Grade II list them, then leave them as art work... Might as well use them or blow them up if you ask me.
edit on 2-2-2017 by RAY1990 because: Readability

posted on Feb, 2 2017 @ 04:51 AM
the treatment meted out to such disused railway infrastructure is very unpredictable

some bits [ like the monsal trail in the peeks ] are very well managed

but others are disgracefully neglected
edit on 2-2-2017 by ignorant_ape because: (no reason given)

posted on Feb, 2 2017 @ 07:14 AM
Lots of disused railway infrastructure in my neck of the woods has been incorporated into urban and rural cycle/walking routes. it is an effective way of preserving it and keeping it useful, while encouraging healthy activity. Could this viaduct be made to serve in this fashion?

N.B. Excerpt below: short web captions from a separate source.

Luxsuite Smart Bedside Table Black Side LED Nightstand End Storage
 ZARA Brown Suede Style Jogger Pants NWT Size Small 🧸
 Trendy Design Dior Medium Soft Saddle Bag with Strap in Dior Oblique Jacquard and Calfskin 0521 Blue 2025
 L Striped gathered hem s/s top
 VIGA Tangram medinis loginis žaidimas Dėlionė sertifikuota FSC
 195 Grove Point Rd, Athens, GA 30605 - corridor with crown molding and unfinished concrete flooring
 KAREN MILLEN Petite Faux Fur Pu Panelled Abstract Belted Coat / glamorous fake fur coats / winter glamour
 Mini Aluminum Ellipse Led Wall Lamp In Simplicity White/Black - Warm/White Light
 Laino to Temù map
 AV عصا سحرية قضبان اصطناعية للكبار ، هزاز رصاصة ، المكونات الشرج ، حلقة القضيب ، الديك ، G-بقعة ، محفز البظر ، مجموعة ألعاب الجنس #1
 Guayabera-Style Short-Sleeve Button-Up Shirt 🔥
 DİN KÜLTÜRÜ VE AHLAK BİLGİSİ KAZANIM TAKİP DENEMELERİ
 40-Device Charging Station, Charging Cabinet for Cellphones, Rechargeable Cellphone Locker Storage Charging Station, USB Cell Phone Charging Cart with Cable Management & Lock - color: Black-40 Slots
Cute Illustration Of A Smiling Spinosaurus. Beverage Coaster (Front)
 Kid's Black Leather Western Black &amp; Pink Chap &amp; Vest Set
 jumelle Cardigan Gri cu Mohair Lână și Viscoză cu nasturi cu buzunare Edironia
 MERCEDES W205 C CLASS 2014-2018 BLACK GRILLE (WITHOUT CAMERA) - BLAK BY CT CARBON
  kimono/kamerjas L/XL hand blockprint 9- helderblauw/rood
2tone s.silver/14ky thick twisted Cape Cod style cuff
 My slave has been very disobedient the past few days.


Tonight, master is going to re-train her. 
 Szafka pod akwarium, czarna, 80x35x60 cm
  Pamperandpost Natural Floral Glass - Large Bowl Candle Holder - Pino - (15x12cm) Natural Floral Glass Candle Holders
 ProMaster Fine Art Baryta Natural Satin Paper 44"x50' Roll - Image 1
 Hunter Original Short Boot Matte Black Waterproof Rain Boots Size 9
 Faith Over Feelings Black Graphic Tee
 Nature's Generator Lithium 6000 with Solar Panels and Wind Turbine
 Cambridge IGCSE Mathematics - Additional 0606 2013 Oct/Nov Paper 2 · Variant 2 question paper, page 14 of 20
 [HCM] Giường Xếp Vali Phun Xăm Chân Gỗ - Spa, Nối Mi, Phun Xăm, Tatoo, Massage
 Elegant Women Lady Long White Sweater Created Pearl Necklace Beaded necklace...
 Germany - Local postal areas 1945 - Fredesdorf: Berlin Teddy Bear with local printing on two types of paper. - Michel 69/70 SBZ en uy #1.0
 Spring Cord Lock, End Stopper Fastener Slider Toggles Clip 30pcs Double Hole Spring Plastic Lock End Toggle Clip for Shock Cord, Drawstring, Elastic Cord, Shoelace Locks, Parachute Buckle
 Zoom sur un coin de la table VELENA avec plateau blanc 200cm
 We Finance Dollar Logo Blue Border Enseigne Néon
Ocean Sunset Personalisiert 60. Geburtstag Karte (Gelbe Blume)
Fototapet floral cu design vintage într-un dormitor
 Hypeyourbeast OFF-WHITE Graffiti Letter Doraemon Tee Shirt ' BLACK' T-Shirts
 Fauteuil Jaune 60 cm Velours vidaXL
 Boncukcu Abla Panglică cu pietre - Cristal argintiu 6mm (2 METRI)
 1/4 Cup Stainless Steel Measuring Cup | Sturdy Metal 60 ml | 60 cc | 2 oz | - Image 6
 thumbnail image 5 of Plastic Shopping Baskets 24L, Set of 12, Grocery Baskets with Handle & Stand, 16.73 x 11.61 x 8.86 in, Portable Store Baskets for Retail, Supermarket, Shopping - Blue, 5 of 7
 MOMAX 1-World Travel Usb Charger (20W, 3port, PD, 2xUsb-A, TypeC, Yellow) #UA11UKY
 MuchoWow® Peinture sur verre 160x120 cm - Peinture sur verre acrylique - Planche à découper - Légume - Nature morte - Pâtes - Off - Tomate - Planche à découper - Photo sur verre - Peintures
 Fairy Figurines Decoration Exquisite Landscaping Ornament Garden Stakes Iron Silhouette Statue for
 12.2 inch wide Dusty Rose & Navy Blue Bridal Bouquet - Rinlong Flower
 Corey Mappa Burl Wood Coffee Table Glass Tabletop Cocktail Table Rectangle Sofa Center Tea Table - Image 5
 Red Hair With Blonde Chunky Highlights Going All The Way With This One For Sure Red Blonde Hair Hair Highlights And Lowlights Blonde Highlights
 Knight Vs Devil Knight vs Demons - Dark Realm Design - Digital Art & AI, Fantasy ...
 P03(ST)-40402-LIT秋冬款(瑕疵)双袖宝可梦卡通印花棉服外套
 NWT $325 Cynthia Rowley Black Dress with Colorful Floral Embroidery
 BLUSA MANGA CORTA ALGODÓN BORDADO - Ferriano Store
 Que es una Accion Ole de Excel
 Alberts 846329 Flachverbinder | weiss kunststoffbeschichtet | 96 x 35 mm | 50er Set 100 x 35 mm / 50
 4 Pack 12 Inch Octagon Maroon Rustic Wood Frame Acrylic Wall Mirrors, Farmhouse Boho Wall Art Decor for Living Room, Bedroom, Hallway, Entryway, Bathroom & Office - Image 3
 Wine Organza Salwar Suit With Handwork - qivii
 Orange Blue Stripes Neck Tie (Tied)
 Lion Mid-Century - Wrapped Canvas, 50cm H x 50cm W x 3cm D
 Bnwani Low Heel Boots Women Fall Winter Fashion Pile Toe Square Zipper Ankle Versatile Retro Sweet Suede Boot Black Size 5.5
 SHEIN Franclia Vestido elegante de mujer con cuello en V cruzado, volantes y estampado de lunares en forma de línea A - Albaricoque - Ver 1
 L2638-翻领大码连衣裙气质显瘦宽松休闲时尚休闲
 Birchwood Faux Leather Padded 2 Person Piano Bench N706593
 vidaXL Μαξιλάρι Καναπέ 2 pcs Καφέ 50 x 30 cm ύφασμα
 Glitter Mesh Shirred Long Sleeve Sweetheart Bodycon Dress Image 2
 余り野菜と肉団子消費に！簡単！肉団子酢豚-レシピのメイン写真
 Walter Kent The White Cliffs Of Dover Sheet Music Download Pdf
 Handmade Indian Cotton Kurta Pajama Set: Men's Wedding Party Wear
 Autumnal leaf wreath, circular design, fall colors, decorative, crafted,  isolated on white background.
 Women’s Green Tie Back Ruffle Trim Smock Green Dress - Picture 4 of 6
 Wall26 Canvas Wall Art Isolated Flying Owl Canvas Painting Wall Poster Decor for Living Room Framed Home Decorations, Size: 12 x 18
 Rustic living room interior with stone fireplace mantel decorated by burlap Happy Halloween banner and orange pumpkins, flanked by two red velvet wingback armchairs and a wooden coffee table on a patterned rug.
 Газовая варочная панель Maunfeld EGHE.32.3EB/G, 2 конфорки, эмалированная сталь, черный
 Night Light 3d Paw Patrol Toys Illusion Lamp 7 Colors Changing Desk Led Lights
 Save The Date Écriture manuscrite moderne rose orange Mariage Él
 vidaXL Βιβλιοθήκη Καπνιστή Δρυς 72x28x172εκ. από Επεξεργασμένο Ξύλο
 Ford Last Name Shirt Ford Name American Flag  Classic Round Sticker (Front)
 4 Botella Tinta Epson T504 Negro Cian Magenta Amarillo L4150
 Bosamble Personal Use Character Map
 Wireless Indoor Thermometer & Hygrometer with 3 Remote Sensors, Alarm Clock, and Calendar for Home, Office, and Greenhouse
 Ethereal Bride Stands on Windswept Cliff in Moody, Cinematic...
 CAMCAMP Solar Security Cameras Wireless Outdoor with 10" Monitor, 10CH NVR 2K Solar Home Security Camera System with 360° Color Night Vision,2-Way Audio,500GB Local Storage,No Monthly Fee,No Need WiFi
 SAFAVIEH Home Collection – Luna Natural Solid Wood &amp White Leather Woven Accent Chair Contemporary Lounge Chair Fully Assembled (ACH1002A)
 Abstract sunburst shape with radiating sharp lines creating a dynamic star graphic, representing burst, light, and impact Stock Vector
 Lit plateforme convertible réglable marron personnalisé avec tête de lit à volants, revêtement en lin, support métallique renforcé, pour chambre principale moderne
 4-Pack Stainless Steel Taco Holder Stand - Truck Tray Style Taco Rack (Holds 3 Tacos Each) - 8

posted on Feb, 2 2017 @ 11:54 AM
a reply to: Kester
The statement "the council was unable or incapable is complete BS. County councils have a remit to be able to compulsory purchase land, for the going rate. the only excuse they could use is they have not got the money to purchase the land.
This raises a important issue, just who owns the land? If it was you or me they would just take it. But what if its crown land?
This is the ONLY real stumbling block to start the HS2. The major landowners are not against it (though they like you to think otherwise) it is only because they want more money than their land is worth.
By the way I do not agree to the HS2 as I see no real reason for it, apart from greasing some constructors pockets.

posted on Feb, 3 2017 @ 12:52 AM
a reply to: crayzeed

The BS bit means something's hidden.

The decades old bypass scheme suggests one option of converting the viaduct to road use. Already done with a similar viaduct locally. But certain to be problematical, mining subsidence will be an issue.

I can't see this crack being a threat to walkers or cyclists. It appears to be old. But it does suggest subsidence may accelerate with traffic vibration. One source says they had to go down eighty feet with some of the footings due to uncharted mine workings.

Possibly they want it to become structurally unstable then demolish it and build a concrete bridge.

I believe the land over which access was denied is owned by one farm. Poaching, theft, loss of livestock and damage to crops must have hit them hard over the years. They are highly concerned with farm security.

They're also sitting on a lot of coal.